Consider any five points in the interior of square $S$ of side length $1$. Prove that at least one of the distances between these points is less than $\sqrt{2} \slash 2.$ Can this constant be replaced by a smaller number?

1996 Tournament Of Towns, (498) 5

Tags: square , geometry , area

The squares $ABMN$, $BCKL$ and $ACPQ$ are constructed outside triangle $ABC$. The difference between the areas of $AB MN$ and $BCKL$ is $d$. Find the difference between the areas of the squares with sides $NQ$ and $PK$ respectively, if $\angle ABC$ is (a) a right angle; (b) not necessarily a right angle. (A Gerko)

1954 Moscow Mathematical Olympiad, 264

Tags: cube , unfolding , cut , square

* Cut out of a $3 \times 3$ square an unfolding of the cube with edge $1$.

1986 All Soviet Union Mathematical Olympiad, 438

Tags: square , geometry , geometric inequality , area , circles

A triangle and a square are circumscribed around the unit circle. Prove that the intersection area is more than $3.4$. Is it possible to assert that it is more than $3.5$?

1983 Spain Mathematical Olympiad, 5

Tags: analytic geometry , square

Find the coordinates of the vertices of a square $ABCD$, knowing that $A$ is on the line $y -2x -6 = 0$, $C$ at $x = 0$ and $B$ is the point $(a, 0)$ , being $a = \log_{2/3}(16/81)$.

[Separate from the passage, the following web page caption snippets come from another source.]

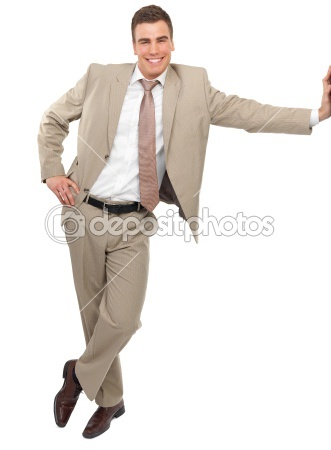 a young man in a beige suit and tie smiles confidently as he leans against a white background with his arm extended.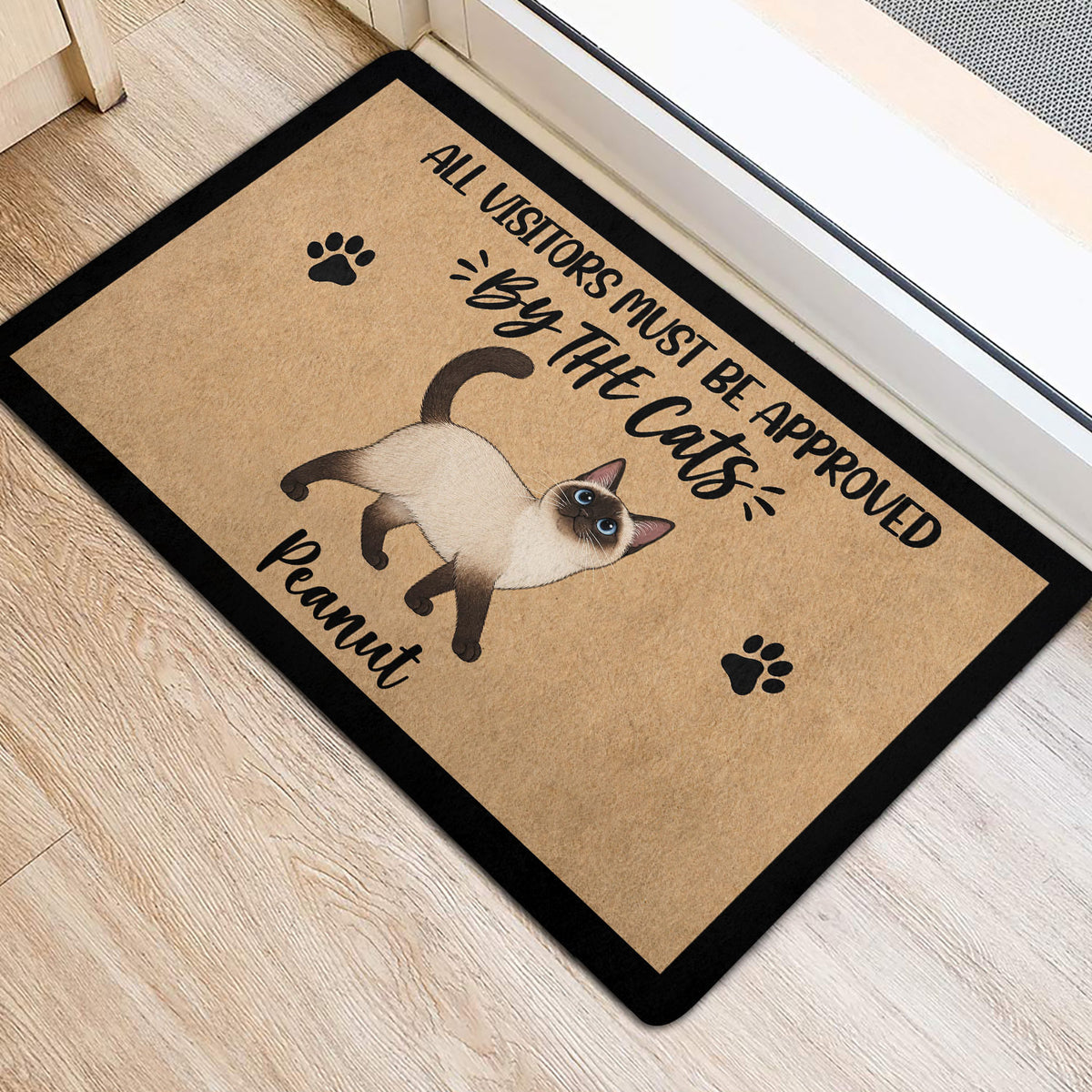 Siamese cat rug positioned near an interior doorway with paw print accents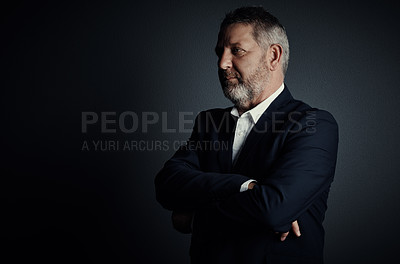 Buy stock photo Studio shot of a handsome mature businessman looking thoughtful while standing with his arms folded against a dark background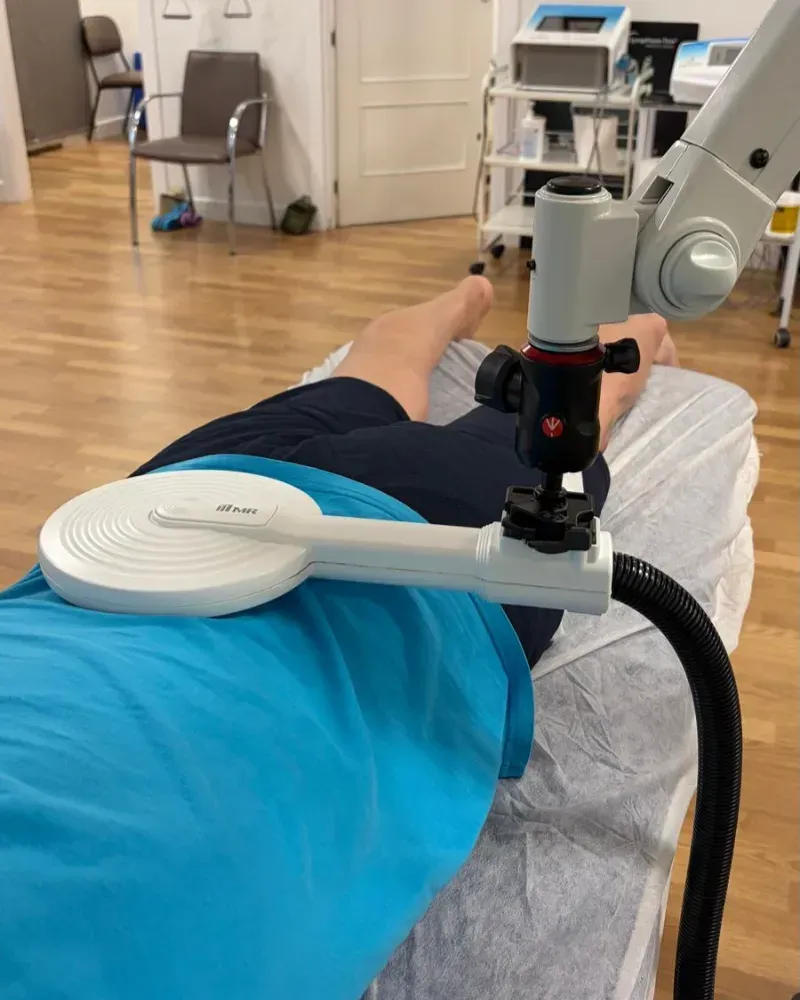 Un fisioterapeuta le da un masaje en el hombro a un paciente sentado en una sala de consulta.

May Olympiad L2 - geometry, 2002.3

Tags: right triangle , isosceles , square , geometry

In a triangle $ABC$, right in $A$ and isosceles, let $D$ be a point on the side $AC$ ($A \ne D \ne C$) and $E$ be the point on the extension of $BA$ such that the triangle $ADE$ is isosceles. Let $P$ be the midpoint of segment $BD$, $R$ be the midpoint of the segment $CE$ and $Q$ the intersection point of $ED$ and $BC$. Prove that the quadrilateral $ARQP$ is a square.

2000 Tuymaada Olympiad, 6

Tags: square , geometry , circumcircle , right triangle

Let $O$ be the center of the circle circumscribed around the the triangle $ABC$. The centers of the circles circumscribed around the squares $OAB,OBC,OCA$ lie at the vertices of a regular triangle. Prove that the triangle $ABC$ is right.